Study material:

- - - - -

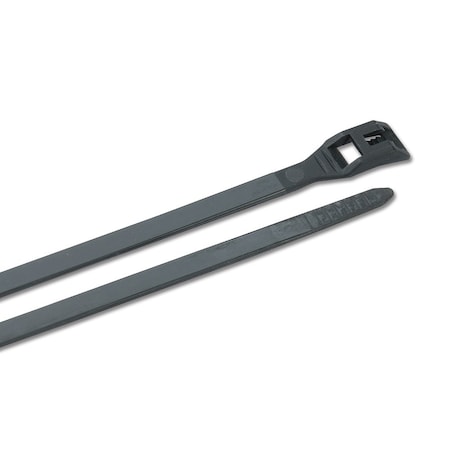 Ancor Cable Tie, 8 in L, Black, Nylon 6/6, 50 lb Strength 199325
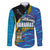 Bahamas Independence Day Family Matching Summer Maxi Dress and Hawaiian Shirt National Flag Style with Blue Marlin and Emblem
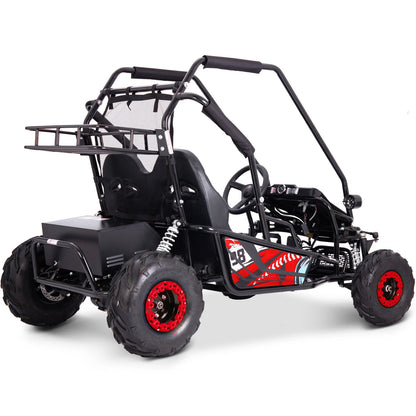 MotoTec Mud Monster XL 60V 2000W Electric Go Kart Full Suspension — Red supplier product view 3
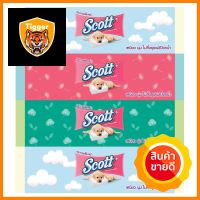 กระดาษเช็ดหน้า SCOTT SOFT PACK 120 แผ่น แพ็ค4FACIAL TISSUE SCOTT SOFT PACK 120-SHEET PACK4 **คุ้มที่สุดแล้วจ้า**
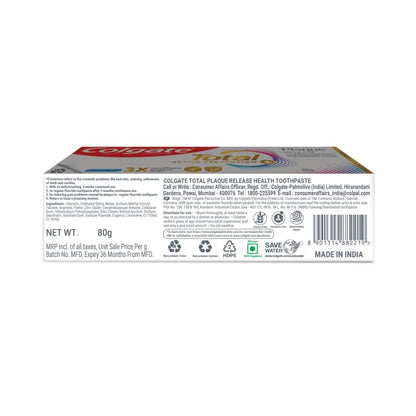 Colgate Total Plaque Release Toothpaste 80g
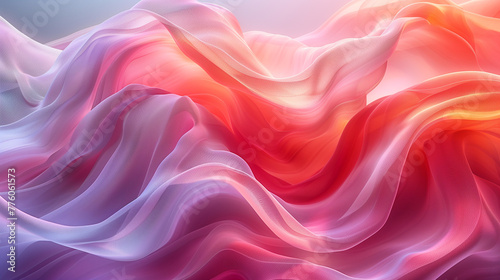 Abstract background with smooth shapes.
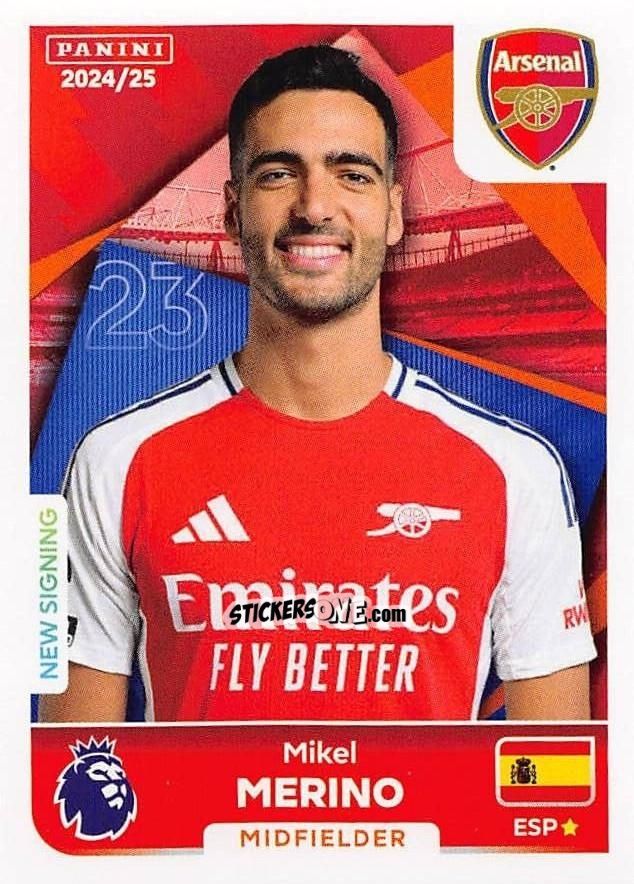 Sticker Mikel Merino - English Premier League 2024-2025
 n. 68 - Panini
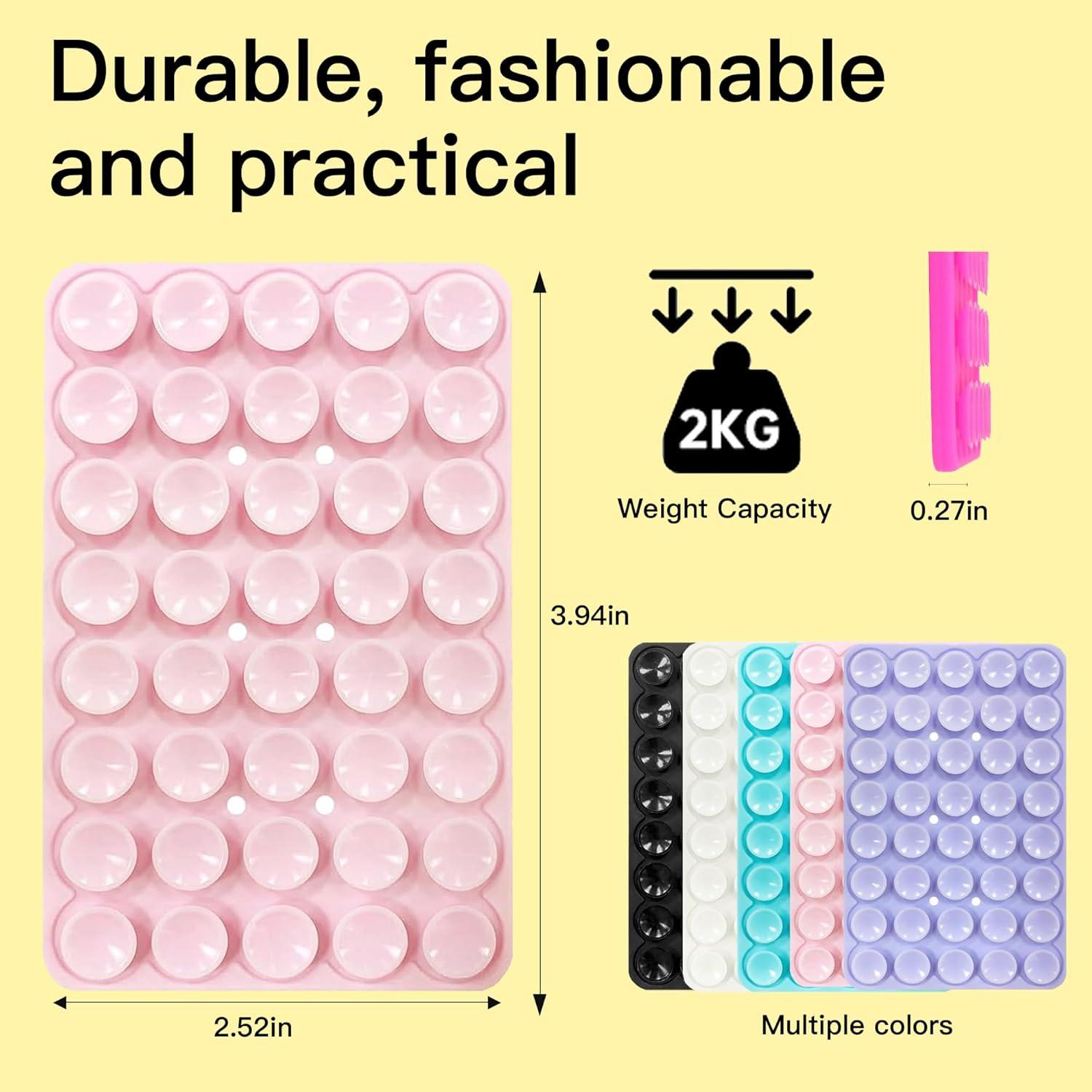 Agarradera de Succión Doble Lado Silicona Mokiwala 2 Paquetes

- - - - -

Work order: The material above should be repeated word for word, with every picture omitted.

Finished task:
 Ancor Cable Tie, 8 in L, Black, Nylon 6/6, 50 lb Strength 199325
 Bahamas Independence Day Family Matching Summer Maxi Dress and Hawaiian Shirt National Flag Style with Blue Marlin and Emblem
 MotoTec Mud Monster XL 60V 2000W Electric Go Kart Full Suspension — Red supplier product view 3
 กระดาษเช็ดหน้า SCOTT SOFT PACK 120 แผ่น แพ็ค4FACIAL TISSUE SCOTT SOFT PACK 120-SHEET PACK4 **คุ้มที่สุดแล้วจ้า**
 Colgate Total Plaque Release Toothpaste 80g
 Abstract background with smooth shapes.
 Sticker Mikel Merino - English Premier League 2024-2025
 n. 68 - Panini
 Agarradera de Succión Doble Lado Silicona Mokiwala 2 Paquetes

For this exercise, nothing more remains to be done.